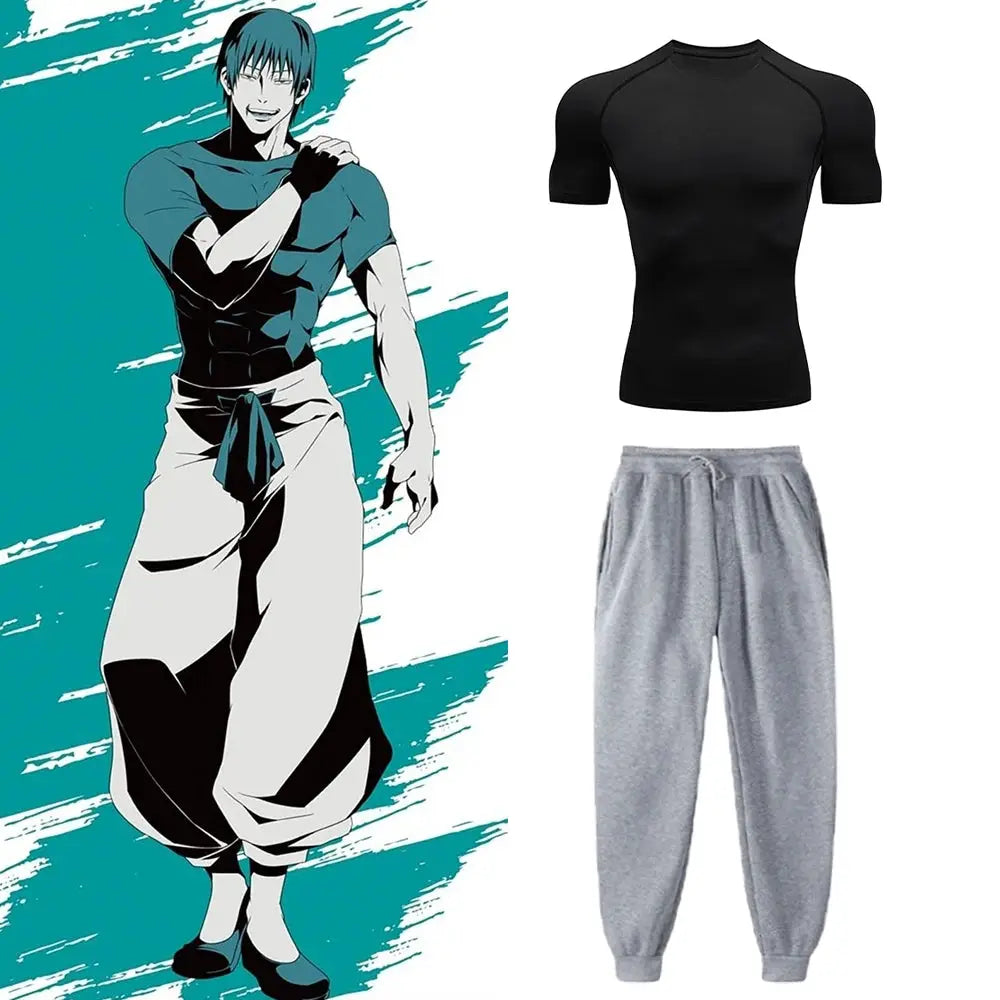Jujutsu Kaisen Toji compression shirt set by Simples Market: black quick-dry tee with gray sweatpants, unisex athletic wear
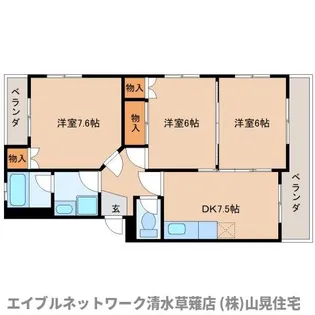 静岡県静岡市葵区瀬名2丁目【マンション】の間取り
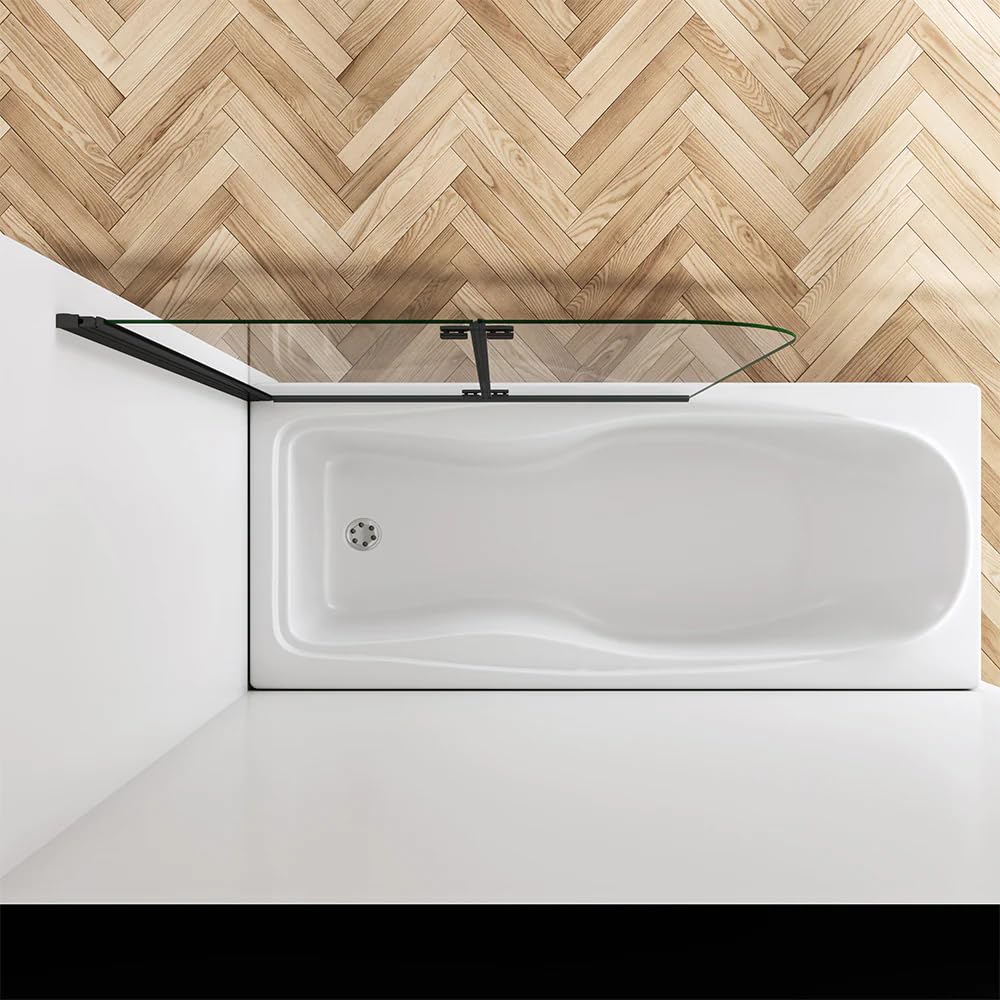 Mampara de Bañera Abatible 2 Hojas Cristal Antical 6mm Plegable Perfil Negro Mate Tamaño:(880-900) x1400mm
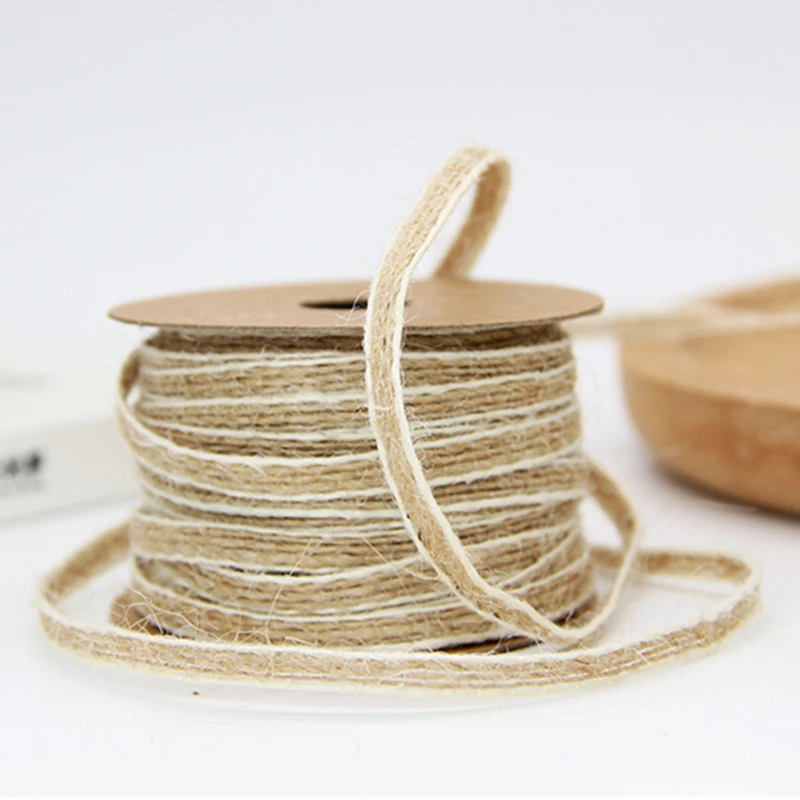 10M/Roll Width 0.5cm Jute Burlap Rolls Hessian Ribbon With Lace Vintage Rustic Wedding Decoration Ornament Party Wedding Decor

▶ [Task details]:
The whole listing above must be returned exactly as written, with no pictures carried over.

▶ [Expected answer]:
Jujutsu Kaisen Toji compression shirt set by Simples Market: black quick-dry tee with gray sweatpants, unisex athletic wear
 静岡県静岡市葵区瀬名2丁目【マンション】の間取り
 Mampara de Bañera Abatible 2 Hojas Cristal Antical 6mm Plegable Perfil Negro Mate Tamaño:(880-900) x1400mm
 10M/Roll Width 0.5cm Jute Burlap Rolls Hessian Ribbon With Lace Vintage Rustic Wedding Decoration Ornament Party Wedding Decor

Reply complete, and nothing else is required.